- MATERIAL SUPPLIED:
- - -

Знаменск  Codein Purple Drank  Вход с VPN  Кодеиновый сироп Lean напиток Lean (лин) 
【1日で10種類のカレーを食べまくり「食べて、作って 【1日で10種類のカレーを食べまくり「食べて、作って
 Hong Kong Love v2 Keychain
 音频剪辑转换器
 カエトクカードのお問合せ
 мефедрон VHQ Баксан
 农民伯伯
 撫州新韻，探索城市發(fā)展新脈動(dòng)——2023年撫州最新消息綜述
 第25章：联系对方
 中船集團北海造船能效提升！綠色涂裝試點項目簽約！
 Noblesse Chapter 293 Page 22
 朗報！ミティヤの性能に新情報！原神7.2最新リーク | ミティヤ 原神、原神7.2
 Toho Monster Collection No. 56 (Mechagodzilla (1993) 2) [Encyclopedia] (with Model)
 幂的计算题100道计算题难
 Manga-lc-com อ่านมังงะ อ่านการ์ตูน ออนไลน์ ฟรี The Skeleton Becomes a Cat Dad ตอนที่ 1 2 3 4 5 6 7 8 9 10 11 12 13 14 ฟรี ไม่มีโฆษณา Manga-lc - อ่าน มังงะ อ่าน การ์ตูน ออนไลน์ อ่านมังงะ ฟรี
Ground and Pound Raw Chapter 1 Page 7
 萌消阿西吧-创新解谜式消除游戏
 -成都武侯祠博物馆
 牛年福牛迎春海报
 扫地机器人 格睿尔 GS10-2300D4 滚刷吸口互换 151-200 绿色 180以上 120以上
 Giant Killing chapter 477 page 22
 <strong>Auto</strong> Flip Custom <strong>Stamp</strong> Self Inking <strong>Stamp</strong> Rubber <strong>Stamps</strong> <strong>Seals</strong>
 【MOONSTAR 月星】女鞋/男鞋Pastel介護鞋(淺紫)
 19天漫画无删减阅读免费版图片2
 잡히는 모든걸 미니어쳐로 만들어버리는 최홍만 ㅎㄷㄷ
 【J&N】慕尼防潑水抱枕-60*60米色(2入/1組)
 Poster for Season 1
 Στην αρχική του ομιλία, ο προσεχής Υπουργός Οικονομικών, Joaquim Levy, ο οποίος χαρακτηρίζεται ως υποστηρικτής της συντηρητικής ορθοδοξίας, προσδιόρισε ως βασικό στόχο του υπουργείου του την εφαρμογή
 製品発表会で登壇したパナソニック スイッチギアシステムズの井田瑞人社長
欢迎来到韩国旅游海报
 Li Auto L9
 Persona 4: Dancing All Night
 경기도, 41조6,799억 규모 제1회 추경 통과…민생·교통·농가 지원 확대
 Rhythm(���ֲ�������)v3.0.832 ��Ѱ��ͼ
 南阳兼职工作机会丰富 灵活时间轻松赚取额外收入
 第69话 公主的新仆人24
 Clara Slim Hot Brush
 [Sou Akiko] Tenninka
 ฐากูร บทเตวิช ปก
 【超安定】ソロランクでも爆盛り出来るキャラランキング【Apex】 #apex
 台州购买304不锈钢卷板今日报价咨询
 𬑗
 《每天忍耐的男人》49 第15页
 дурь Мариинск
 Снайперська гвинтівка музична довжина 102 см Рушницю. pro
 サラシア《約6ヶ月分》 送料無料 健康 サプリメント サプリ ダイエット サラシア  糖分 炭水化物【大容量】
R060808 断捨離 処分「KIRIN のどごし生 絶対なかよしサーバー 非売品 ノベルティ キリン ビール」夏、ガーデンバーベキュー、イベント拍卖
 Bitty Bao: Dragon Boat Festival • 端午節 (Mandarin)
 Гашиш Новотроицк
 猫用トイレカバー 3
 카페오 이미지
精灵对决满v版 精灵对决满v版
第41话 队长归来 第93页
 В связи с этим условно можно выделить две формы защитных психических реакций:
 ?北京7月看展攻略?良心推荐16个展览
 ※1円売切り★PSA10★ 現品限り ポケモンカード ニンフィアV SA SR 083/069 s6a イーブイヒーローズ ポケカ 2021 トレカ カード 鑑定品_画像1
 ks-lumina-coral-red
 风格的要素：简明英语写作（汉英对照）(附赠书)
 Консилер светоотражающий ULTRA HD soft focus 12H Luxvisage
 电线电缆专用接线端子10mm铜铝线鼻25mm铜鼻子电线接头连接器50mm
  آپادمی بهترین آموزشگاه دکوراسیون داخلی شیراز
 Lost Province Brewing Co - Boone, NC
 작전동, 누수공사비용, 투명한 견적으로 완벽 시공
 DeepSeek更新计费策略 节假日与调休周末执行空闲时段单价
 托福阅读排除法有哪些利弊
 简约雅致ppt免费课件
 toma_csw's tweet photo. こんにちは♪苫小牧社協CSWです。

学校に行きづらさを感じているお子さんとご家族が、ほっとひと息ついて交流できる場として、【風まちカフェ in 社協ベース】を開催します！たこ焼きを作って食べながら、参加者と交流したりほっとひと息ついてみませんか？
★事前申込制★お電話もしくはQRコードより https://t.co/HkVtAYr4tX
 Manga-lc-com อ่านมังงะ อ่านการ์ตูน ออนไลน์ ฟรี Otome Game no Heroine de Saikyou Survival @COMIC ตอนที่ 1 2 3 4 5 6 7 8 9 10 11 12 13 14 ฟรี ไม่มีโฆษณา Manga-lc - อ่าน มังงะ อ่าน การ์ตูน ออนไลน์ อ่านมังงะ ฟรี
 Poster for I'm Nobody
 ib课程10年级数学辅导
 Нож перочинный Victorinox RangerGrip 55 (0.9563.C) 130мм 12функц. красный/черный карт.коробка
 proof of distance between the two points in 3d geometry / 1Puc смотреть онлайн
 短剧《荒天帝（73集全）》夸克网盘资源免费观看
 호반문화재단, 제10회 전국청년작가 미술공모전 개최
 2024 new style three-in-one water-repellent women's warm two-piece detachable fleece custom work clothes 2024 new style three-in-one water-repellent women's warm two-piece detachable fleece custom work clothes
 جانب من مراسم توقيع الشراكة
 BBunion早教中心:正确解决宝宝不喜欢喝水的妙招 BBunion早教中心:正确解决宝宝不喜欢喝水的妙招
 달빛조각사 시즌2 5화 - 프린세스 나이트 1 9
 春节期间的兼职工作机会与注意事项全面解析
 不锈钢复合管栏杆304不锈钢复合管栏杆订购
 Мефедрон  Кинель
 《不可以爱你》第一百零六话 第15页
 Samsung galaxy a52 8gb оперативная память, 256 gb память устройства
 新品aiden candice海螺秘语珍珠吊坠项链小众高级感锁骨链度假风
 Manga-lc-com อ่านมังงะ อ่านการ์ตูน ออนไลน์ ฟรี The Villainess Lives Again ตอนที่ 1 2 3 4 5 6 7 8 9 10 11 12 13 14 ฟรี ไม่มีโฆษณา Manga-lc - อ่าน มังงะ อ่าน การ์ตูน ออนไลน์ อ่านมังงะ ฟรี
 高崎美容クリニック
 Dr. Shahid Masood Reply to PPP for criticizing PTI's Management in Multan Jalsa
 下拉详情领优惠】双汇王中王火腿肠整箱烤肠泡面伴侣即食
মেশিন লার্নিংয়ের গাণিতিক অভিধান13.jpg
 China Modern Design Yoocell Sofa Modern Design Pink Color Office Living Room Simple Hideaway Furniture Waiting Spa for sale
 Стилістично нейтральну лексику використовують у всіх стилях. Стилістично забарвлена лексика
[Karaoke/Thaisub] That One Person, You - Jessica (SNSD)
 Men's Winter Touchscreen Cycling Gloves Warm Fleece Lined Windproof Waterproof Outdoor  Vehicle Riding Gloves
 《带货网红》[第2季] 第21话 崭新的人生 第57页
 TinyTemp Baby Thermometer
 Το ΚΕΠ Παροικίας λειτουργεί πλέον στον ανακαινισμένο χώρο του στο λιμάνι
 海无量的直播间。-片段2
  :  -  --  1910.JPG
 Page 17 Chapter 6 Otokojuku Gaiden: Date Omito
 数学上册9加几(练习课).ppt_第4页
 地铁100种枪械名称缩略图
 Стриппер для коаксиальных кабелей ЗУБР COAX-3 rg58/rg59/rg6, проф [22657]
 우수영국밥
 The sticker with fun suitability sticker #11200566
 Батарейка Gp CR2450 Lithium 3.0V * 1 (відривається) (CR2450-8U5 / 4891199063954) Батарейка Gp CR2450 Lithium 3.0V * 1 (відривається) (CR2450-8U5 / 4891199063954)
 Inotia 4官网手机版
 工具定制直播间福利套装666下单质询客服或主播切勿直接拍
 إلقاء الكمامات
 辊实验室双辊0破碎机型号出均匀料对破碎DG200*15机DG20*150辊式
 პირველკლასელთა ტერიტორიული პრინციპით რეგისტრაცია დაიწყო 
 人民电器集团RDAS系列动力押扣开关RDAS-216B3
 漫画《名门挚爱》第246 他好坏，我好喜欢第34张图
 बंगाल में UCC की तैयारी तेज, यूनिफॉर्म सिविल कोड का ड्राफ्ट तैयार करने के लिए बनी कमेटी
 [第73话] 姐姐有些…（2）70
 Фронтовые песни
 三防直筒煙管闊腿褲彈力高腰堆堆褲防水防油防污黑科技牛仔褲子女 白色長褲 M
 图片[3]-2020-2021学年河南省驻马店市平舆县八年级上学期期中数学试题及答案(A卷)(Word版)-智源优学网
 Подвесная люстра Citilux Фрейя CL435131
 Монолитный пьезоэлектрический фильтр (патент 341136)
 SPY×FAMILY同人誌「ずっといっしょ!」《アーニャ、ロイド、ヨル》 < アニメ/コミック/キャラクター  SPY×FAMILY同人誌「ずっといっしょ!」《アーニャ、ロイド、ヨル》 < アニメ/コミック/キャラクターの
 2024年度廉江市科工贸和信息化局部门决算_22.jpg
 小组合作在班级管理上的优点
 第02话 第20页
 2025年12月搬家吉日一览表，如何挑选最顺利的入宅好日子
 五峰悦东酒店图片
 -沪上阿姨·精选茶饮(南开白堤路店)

- - -

Copy exactly the stretch of data above from the line with "下拉详情领优惠】双汇王中王火腿肠整箱烤肠泡面伴侣即食" through the line with "Inotia 4官网手机版", and omit all other lines.

- SOLUTION FOR THIS PROBLEM:
 下拉详情领优惠】双汇王中王火腿肠整箱烤肠泡面伴侣即食
মেশিন লার্নিংয়ের গাণিতিক অভিধান13.jpg
 China Modern Design Yoocell Sofa Modern Design Pink Color Office Living Room Simple Hideaway Furniture Waiting Spa for sale
 Стилістично нейтральну лексику використовують у всіх стилях. Стилістично забарвлена лексика
[Karaoke/Thaisub] That One Person, You - Jessica (SNSD)
 Men's Winter Touchscreen Cycling Gloves Warm Fleece Lined Windproof Waterproof Outdoor  Vehicle Riding Gloves
 《带货网红》[第2季] 第21话 崭新的人生 第57页
 TinyTemp Baby Thermometer
 Το ΚΕΠ Παροικίας λειτουργεί πλέον στον ανακαινισμένο χώρο του στο λιμάνι
 海无量的直播间。-片段2
  :  -  --  1910.JPG
 Page 17 Chapter 6 Otokojuku Gaiden: Date Omito
 数学上册9加几(练习课).ppt_第4页
 地铁100种枪械名称缩略图
 Стриппер для коаксиальных кабелей ЗУБР COAX-3 rg58/rg59/rg6, проф [22657]
 우수영국밥
 The sticker with fun suitability sticker #11200566
 Батарейка Gp CR2450 Lithium 3.0V * 1 (відривається) (CR2450-8U5 / 4891199063954) Батарейка Gp CR2450 Lithium 3.0V * 1 (відривається) (CR2450-8U5 / 4891199063954)
 Inotia 4官网手机版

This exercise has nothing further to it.